= WORK TASK =
Your job is to write out each record exactly, leaving none out.

(Stored items from a collection)
□ □ □ □ □ □ □

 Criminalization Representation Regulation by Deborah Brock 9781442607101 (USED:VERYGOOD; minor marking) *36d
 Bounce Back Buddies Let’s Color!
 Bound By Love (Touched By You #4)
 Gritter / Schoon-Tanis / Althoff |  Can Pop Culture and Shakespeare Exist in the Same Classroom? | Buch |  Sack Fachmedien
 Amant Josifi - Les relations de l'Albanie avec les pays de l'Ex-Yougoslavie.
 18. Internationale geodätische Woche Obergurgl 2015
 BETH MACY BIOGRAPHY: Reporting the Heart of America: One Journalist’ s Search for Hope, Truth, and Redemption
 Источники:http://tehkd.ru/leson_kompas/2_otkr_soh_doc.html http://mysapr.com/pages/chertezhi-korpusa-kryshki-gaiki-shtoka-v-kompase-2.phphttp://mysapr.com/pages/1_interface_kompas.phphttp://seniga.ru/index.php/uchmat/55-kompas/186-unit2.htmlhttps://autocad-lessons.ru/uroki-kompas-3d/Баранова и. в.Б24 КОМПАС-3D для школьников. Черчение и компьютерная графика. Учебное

□ □ □ □ □ □ □

= ANSWER =
 Criminalization Representation Regulation by Deborah Brock 9781442607101 (USED:VERYGOOD; minor marking) *36d
 Bounce Back Buddies Let’s Color!
 Bound By Love (Touched By You #4)
 Gritter / Schoon-Tanis / Althoff |  Can Pop Culture and Shakespeare Exist in the Same Classroom? | Buch |  Sack Fachmedien
 Amant Josifi - Les relations de l'Albanie avec les pays de l'Ex-Yougoslavie.
 18. Internationale geodätische Woche Obergurgl 2015
 BETH MACY BIOGRAPHY: Reporting the Heart of America: One Journalist’ s Search for Hope, Truth, and Redemption
 Источники:http://tehkd.ru/leson_kompas/2_otkr_soh_doc.html http://mysapr.com/pages/chertezhi-korpusa-kryshki-gaiki-shtoka-v-kompase-2.phphttp://mysapr.com/pages/1_interface_kompas.phphttp://seniga.ru/index.php/uchmat/55-kompas/186-unit2.htmlhttps://autocad-lessons.ru/uroki-kompas-3d/Баранова и. в.Б24 КОМПАС-3D для школьников. Черчение и компьютерная графика. Учебное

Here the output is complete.